Segment Open
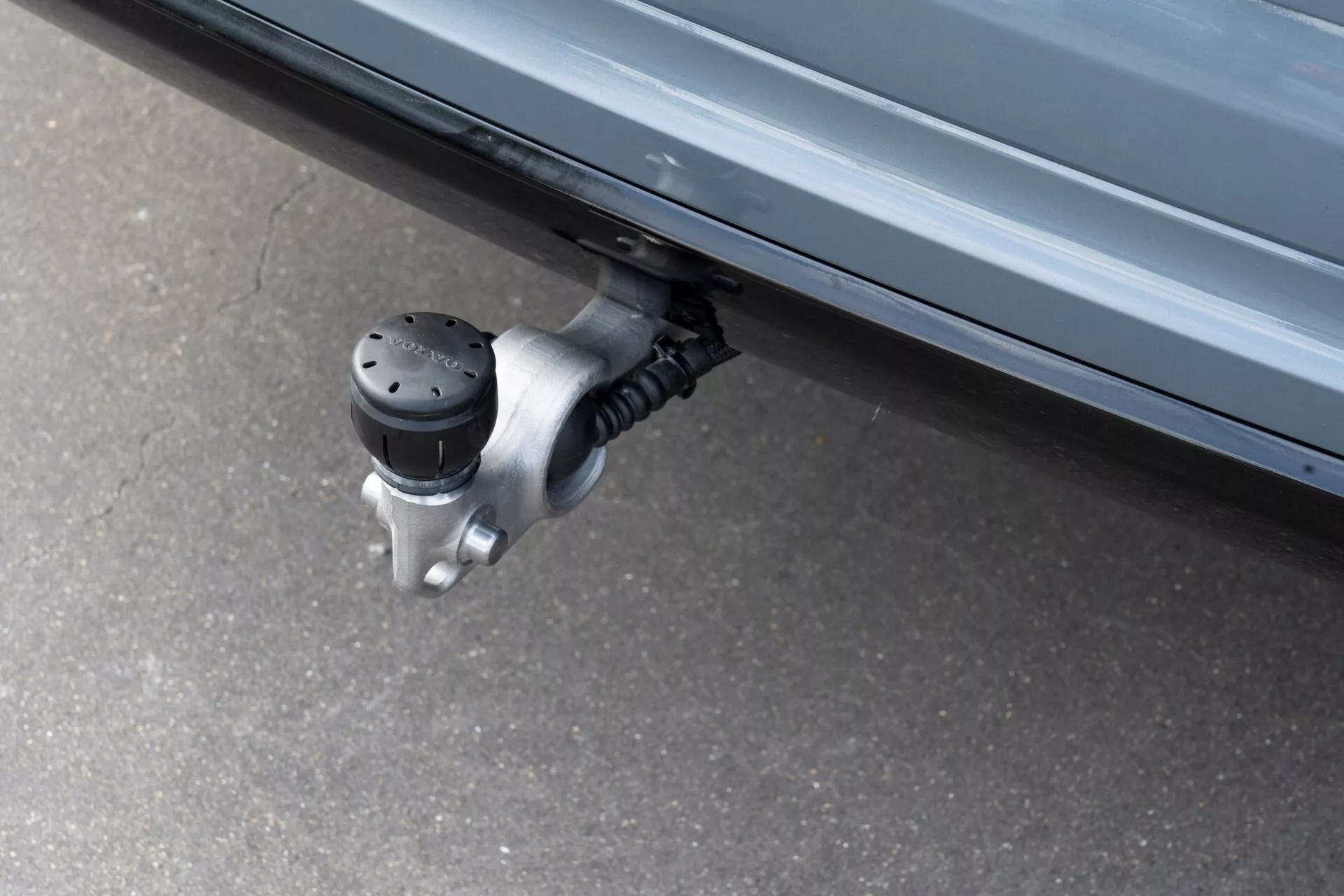 Närbild av ett infällbart sidosteg på en Volvo XC60 2021 (2:a generationen-facelift), som visar den utsträckta halkskyddade ytan med upphöjda svarta prickar under fordonets sidodörr, fäst vid en metallisk gångjärnsmekanism. Fotograferad från låg vinkel, framhäver den automatiska funktionen som är utformad för att underlätta in- och urstigning genom att minska avståndet till marken.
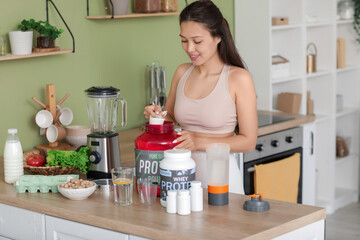 Sporty young happy Asian woman making protein shake at home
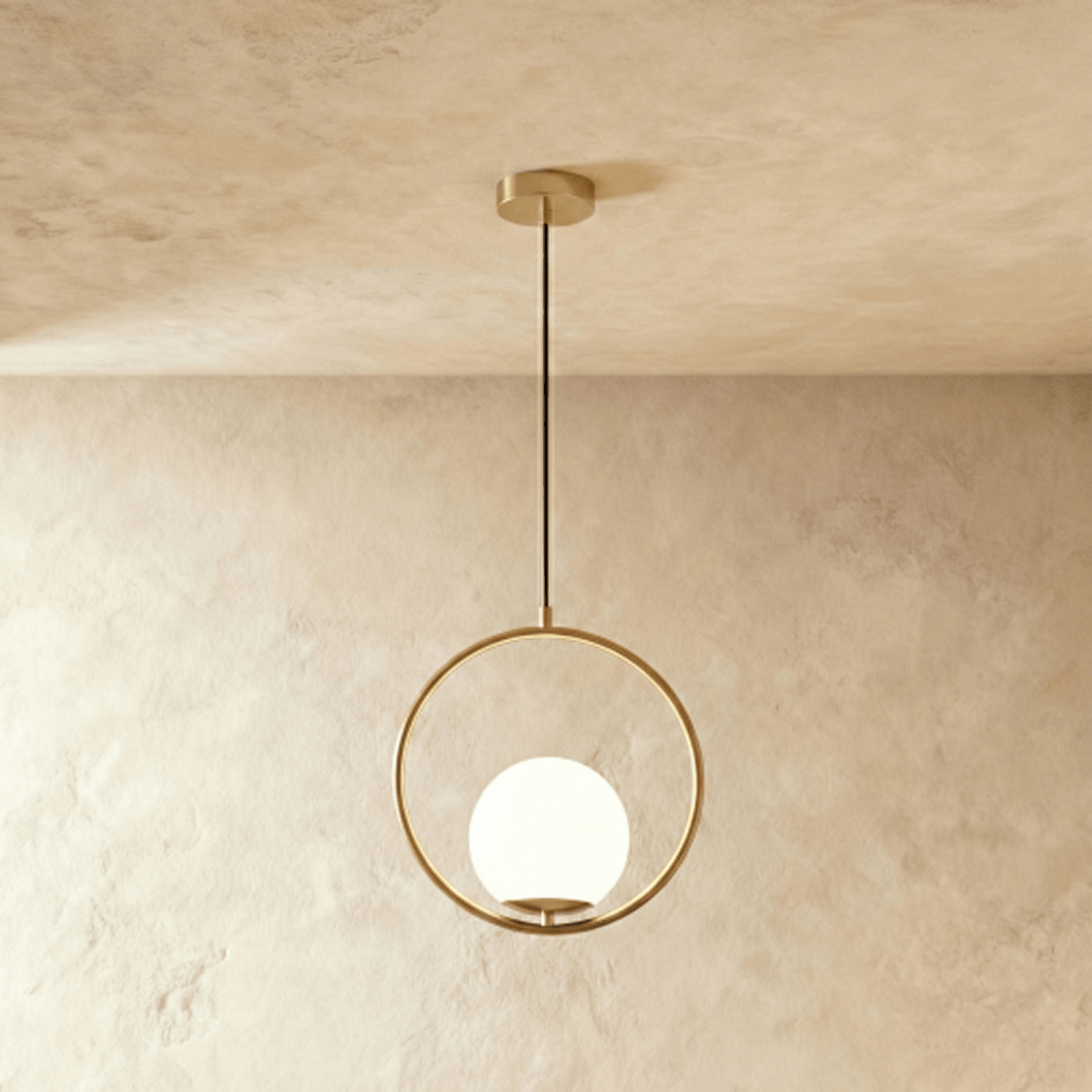 Clérachic Cells pendant light in Circle, Brass, a warm brass ring cradling a frosted glass globe from a black cord.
Segment Closed
About this exercise: Word for word, restate the lines from the line containing "Sporty young happy" through the end of the data, including the first and last of them. Pictures stay out.

Answer to the exercise:
 Sporty young happy Asian woman making protein shake at home
 Clérachic Cells pendant light in Circle, Brass, a warm brass ring cradling a frosted glass globe from a black cord.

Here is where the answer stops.